It's time to implement a 4-day workweek

In May, Andrew Yang, the entrepreneur and former Democratic presidential candidate, floated the idea of implementing a four-day workweek to better accommodate working Americans in a time of uncertainty, saying a shorter workweek could have mental-health benefits for employees.

There's not one overarching definition of a four-day workweek. "There are different models for the shortened week, some of which envision the same output condensed into fewer hours while others simply imagine longer hours spread over fewer days," a Washington Post report said.

Some involve a three-day weekend, while others mean a day off midweek.

[...] "It would help get us off of this hamster wheel that we're on right now, where we're all sort of racing against the clock in service of this giant capital-efficiency machine," Yang said. "And the race is driving us all crazy."

In a Harris poll conducted in late May, 82% of employed US respondents said they would prefer to have a shorter workweek, even if it meant longer workdays.

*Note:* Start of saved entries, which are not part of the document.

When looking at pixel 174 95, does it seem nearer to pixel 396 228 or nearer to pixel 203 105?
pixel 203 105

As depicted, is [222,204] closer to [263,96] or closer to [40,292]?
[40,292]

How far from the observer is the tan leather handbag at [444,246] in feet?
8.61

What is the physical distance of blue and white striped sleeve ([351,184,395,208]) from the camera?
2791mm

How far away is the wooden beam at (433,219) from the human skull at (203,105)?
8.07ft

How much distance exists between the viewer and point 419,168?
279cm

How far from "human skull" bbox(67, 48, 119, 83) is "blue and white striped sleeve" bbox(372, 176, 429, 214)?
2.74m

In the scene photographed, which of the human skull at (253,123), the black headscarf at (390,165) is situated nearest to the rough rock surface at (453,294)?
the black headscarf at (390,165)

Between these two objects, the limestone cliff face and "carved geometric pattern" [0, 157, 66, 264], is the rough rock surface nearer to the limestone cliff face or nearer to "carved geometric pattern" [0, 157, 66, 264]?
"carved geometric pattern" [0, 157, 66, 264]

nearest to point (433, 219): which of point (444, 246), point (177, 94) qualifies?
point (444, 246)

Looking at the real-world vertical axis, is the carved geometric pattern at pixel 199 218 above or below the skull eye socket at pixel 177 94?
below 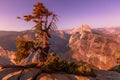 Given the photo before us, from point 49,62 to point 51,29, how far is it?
22.7 ft

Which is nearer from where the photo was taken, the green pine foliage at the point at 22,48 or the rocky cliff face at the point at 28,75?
the rocky cliff face at the point at 28,75

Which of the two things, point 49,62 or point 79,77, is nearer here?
point 79,77

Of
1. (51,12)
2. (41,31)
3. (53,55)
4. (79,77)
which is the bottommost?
(79,77)

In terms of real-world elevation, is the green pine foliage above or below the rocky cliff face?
above

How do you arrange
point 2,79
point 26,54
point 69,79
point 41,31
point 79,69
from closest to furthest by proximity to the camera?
point 2,79 < point 69,79 < point 79,69 < point 26,54 < point 41,31

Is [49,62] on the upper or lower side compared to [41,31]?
lower

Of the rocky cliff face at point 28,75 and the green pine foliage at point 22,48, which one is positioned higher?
the green pine foliage at point 22,48

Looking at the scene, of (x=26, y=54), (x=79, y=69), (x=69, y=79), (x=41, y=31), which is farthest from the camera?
(x=41, y=31)

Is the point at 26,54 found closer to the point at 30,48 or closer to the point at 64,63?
the point at 30,48

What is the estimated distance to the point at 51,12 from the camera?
3322 cm

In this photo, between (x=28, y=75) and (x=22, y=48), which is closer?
(x=28, y=75)

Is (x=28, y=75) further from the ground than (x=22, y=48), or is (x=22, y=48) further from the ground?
(x=22, y=48)

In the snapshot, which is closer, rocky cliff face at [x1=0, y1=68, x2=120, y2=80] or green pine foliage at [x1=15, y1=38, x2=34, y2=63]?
rocky cliff face at [x1=0, y1=68, x2=120, y2=80]

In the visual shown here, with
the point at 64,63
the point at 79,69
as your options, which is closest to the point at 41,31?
the point at 64,63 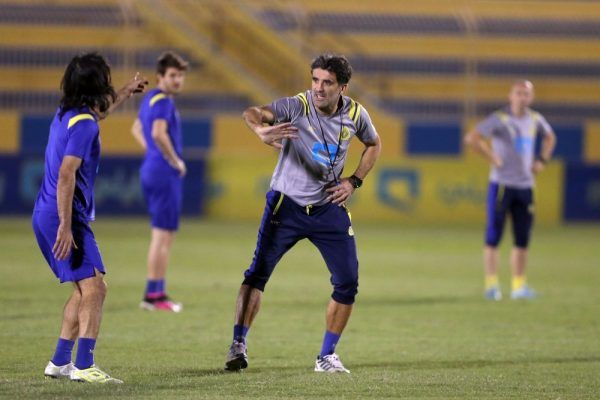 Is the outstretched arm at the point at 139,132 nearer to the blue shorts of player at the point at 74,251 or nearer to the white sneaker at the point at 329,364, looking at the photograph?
the white sneaker at the point at 329,364

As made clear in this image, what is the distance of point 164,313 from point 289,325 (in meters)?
1.33

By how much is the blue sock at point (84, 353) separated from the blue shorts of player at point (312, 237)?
1.29 m

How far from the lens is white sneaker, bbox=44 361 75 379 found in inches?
289

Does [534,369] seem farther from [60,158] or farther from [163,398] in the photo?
[60,158]

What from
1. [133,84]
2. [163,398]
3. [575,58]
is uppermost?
[575,58]

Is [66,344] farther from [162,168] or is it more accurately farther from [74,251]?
[162,168]

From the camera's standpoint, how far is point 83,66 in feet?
23.4

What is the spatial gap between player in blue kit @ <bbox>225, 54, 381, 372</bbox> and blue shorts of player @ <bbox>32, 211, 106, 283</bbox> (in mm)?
1216

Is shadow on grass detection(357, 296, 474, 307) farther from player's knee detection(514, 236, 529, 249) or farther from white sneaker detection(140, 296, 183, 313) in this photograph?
white sneaker detection(140, 296, 183, 313)

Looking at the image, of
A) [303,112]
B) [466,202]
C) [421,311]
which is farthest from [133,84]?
[466,202]

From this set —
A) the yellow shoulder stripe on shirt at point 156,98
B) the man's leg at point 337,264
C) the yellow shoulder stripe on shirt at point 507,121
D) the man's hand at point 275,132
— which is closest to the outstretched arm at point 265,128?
the man's hand at point 275,132

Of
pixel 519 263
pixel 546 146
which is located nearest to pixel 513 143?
pixel 546 146

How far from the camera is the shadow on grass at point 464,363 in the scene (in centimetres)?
825

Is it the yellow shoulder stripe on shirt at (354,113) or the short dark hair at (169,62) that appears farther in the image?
the short dark hair at (169,62) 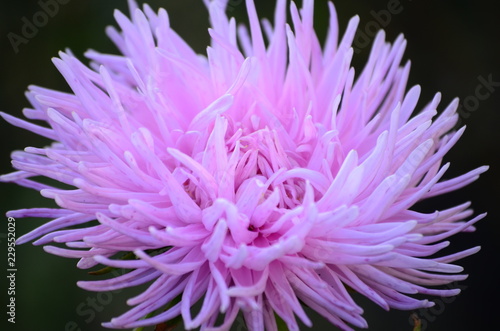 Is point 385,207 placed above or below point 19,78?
below

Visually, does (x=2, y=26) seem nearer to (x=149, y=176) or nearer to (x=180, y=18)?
(x=180, y=18)

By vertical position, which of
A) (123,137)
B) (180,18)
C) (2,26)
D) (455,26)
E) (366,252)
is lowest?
(366,252)

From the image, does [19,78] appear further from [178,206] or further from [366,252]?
[366,252]

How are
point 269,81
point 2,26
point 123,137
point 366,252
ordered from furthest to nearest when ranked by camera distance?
point 2,26, point 269,81, point 123,137, point 366,252

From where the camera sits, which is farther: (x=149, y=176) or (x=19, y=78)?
(x=19, y=78)

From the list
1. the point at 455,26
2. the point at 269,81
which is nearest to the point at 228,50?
the point at 269,81

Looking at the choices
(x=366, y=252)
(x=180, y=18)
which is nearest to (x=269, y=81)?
(x=366, y=252)

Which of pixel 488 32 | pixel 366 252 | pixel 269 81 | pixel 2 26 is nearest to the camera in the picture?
pixel 366 252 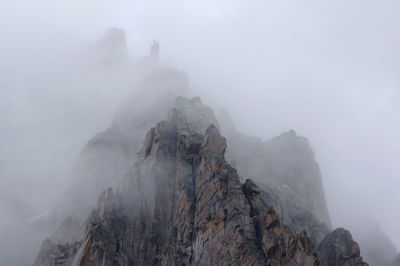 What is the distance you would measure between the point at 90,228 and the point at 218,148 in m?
35.5

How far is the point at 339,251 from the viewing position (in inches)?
5802

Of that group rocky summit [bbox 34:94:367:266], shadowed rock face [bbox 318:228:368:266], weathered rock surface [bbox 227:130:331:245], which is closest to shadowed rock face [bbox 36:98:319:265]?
rocky summit [bbox 34:94:367:266]

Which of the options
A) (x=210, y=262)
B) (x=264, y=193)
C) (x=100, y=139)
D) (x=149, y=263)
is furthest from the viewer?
(x=100, y=139)

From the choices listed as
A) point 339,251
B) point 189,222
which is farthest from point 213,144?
point 339,251

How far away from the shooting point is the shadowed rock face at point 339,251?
14638 centimetres

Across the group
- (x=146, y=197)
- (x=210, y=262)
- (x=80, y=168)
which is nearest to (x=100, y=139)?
(x=80, y=168)

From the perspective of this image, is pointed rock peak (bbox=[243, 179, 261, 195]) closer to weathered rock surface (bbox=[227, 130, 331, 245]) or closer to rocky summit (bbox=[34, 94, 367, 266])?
rocky summit (bbox=[34, 94, 367, 266])

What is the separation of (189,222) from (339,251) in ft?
116

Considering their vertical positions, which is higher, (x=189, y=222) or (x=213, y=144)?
(x=213, y=144)

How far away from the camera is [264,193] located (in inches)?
6329

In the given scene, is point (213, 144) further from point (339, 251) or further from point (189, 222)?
point (339, 251)

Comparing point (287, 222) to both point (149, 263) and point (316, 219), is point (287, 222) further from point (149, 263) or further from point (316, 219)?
point (149, 263)

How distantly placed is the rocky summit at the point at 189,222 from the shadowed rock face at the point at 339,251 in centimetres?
23

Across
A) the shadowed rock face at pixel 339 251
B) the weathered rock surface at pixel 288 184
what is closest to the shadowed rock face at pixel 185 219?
the shadowed rock face at pixel 339 251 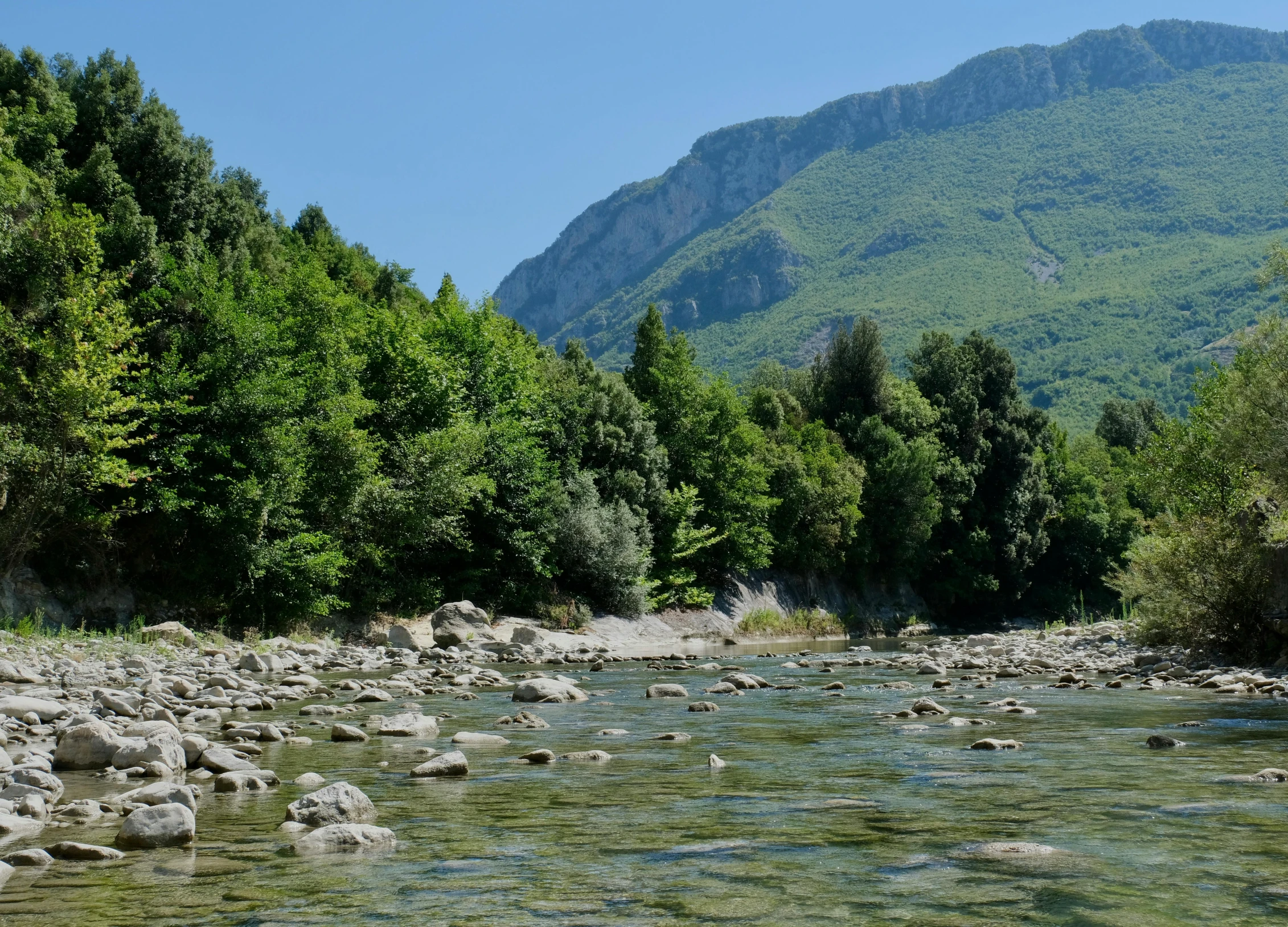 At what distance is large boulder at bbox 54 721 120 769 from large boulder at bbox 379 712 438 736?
3.27 metres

The idea of a shorter workweek has become so popular in Finland that Prime Minister Sanna Marin has called for employers to allow employees to work only six hours a day, four days a week. In New Zealand, Prime Minister Jacinda Ardern proposed the policy as part of a coronavirus economic recovery effort.

Andrew Barnes, the CEO of Perpetual Guardian, introduced a four-day workweek at his company in New Zealand in 2018.
Barnes, a cofounder of the nonprofit platform 4 Day Week Global and the author of "The 4 Day Week," said he found that "stress levels drop, creativity goes up, team cohesion goes up" under such a policy.

[...] Microsoft experimented with a four-day workweek last year at a subsidiary in Japan as part of its "Work-Life Choice Challenge." The subsidiary closed every Friday in August and said it saw productivity jump by 40% compared with the previous year.

I'm somehow attracted to the idea, be it only for the reason the weekends are the most productive time for me, with no meeting interruptions (large grin)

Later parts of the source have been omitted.